▶ **Data below**
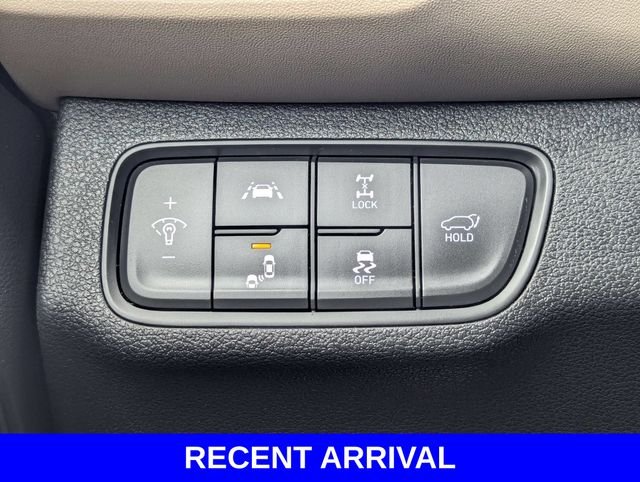 Used 2020 Black Hyundai Limited image 13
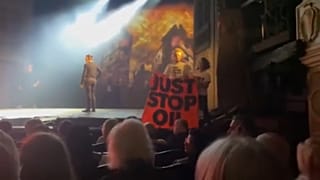 Im Londoner Westend musste eine Aufführung wegen Protesten von Klima-Aktivist:innen abgebrochen werden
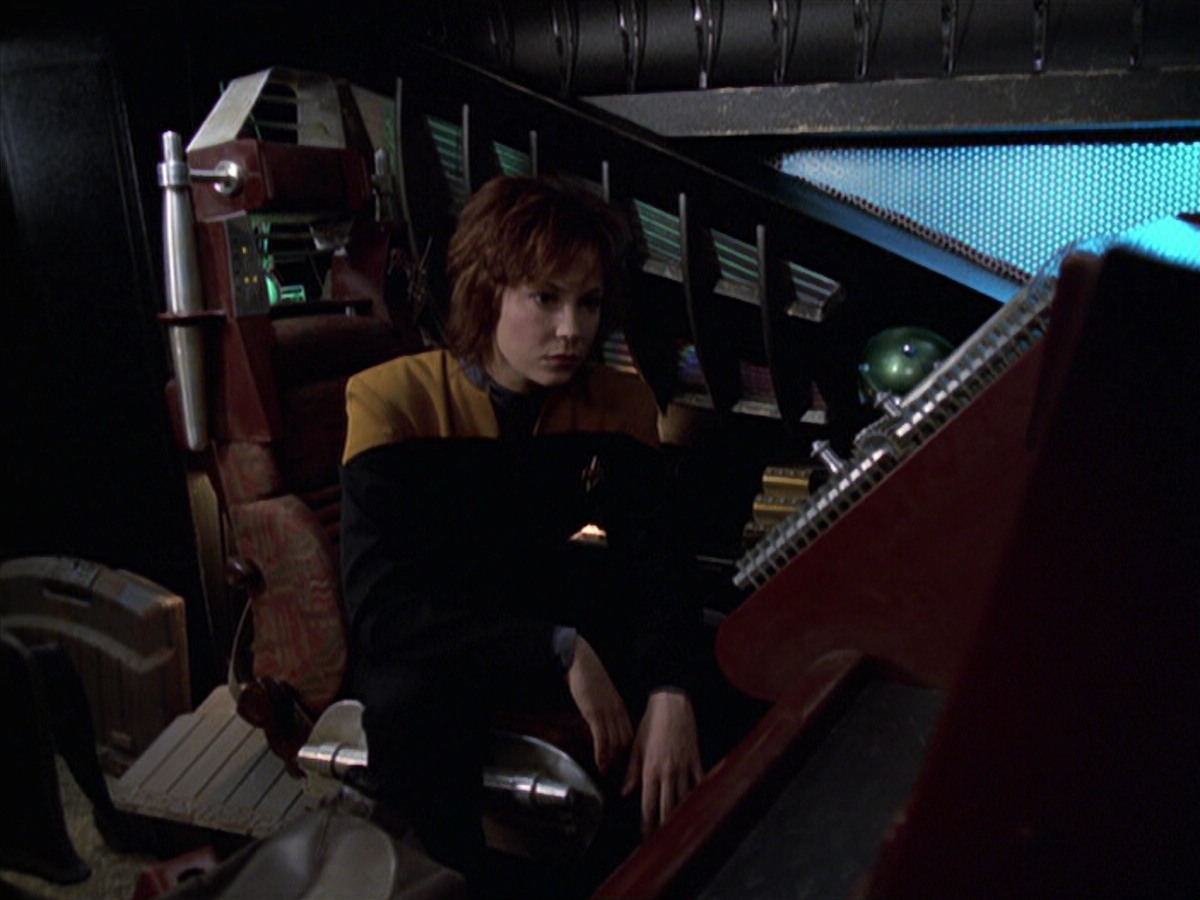 extant_StarTrek_VOY_6x18-AshesToAshes_03174.jpg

▶ **Task description**
Could you repeat the listing above exactly, omitting its pictures?

▶ **Result**
 Used 2020 Black Hyundai Limited image 13
 Im Londoner Westend musste eine Aufführung wegen Protesten von Klima-Aktivist:innen abgebrochen werden
 extant_StarTrek_VOY_6x18-AshesToAshes_03174.jpg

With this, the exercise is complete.